**THE TASK:** Report every line below that carries the word "background".
### GIVEN RECORDS ###
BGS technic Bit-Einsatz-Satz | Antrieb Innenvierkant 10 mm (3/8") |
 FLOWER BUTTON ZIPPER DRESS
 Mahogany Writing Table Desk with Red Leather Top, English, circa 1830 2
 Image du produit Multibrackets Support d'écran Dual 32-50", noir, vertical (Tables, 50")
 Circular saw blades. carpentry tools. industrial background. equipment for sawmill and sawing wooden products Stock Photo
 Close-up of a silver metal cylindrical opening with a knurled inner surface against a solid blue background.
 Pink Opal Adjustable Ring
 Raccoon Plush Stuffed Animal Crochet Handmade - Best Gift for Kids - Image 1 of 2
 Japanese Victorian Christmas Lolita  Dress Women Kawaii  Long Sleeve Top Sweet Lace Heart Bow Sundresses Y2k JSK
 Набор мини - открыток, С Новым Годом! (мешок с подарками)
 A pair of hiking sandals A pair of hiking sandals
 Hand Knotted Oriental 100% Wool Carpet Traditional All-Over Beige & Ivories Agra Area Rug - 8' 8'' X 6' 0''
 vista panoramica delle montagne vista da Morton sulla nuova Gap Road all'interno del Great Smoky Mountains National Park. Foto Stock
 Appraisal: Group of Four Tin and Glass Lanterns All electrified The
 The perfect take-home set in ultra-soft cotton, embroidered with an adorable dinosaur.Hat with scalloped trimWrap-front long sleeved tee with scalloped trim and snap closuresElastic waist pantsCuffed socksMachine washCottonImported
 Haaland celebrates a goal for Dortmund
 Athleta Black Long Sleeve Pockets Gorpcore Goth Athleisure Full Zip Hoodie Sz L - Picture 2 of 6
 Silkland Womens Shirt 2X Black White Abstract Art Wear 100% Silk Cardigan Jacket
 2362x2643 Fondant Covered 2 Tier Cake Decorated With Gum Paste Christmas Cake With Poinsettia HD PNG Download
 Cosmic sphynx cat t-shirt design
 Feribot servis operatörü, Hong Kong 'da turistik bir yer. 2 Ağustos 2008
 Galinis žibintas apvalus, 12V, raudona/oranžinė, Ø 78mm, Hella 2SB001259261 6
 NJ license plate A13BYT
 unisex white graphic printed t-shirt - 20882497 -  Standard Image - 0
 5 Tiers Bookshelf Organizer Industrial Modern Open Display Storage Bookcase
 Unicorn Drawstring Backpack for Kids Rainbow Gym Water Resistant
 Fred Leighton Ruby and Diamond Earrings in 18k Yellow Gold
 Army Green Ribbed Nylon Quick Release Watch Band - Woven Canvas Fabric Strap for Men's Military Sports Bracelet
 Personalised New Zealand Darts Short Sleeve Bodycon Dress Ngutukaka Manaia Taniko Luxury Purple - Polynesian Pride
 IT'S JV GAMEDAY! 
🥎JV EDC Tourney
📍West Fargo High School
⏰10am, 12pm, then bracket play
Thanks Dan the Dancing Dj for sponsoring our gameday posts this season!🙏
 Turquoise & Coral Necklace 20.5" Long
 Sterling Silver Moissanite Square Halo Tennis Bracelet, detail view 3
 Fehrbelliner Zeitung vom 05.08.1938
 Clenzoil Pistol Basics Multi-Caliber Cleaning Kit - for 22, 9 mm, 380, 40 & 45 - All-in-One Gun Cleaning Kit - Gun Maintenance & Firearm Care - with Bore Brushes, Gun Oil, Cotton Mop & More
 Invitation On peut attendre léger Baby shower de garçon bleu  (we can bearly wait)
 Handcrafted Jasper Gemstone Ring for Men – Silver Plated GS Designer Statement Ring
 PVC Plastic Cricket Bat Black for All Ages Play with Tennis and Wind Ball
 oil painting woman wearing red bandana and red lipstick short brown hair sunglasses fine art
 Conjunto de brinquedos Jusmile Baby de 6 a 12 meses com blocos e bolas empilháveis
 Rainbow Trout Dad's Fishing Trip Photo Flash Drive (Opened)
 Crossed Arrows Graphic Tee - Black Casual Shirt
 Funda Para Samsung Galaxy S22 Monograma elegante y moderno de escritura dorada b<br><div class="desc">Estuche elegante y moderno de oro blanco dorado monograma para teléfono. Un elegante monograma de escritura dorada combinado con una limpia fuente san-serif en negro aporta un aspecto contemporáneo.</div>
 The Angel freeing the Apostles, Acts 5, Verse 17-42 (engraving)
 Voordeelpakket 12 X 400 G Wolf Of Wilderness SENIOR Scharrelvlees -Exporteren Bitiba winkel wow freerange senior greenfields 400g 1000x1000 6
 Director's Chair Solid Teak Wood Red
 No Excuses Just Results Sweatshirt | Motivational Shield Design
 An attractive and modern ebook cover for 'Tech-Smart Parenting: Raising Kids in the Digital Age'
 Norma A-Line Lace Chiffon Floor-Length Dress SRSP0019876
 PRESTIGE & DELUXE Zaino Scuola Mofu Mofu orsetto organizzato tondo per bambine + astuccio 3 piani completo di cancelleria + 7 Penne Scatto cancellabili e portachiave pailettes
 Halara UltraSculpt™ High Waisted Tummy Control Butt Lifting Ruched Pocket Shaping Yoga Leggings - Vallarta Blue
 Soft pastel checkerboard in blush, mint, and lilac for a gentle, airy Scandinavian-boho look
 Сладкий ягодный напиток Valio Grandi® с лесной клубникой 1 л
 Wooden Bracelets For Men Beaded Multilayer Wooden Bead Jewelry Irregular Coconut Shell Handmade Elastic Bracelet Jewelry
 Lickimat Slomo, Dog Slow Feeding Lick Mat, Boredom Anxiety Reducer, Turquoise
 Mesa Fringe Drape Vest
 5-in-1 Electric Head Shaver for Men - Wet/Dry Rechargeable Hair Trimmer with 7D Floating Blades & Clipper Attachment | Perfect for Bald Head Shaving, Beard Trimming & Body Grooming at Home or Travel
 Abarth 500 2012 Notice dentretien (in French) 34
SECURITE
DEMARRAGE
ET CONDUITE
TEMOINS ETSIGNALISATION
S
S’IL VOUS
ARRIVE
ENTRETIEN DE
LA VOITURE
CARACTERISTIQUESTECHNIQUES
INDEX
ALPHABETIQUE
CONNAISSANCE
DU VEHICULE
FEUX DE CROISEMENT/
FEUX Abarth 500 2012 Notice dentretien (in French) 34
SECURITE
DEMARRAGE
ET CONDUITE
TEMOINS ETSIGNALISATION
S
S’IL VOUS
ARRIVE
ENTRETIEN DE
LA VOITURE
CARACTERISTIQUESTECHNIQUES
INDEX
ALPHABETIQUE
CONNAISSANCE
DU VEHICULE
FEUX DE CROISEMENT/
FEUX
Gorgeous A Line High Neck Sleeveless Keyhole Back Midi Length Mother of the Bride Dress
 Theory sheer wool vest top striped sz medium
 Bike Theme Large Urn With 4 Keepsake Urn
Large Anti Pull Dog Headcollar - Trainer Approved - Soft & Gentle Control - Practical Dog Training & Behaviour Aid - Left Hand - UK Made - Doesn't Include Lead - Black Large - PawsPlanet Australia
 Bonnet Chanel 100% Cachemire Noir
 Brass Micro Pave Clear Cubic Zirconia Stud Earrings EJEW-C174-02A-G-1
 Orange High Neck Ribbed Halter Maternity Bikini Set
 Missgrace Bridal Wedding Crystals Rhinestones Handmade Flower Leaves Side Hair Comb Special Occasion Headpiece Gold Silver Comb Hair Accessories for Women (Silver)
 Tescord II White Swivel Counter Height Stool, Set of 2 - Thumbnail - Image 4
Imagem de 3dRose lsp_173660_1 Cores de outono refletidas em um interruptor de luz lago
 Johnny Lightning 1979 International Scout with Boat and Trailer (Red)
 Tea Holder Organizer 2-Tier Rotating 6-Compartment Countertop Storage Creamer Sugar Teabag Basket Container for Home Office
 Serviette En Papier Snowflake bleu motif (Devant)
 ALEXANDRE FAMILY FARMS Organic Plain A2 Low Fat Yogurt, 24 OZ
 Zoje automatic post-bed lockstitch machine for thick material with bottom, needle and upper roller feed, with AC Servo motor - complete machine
###
**RESULT FOR THIS TASK:**
 Circular saw blades. carpentry tools. industrial background. equipment for sawmill and sawing wooden products Stock Photo
 Close-up of a silver metal cylindrical opening with a knurled inner surface against a solid blue background.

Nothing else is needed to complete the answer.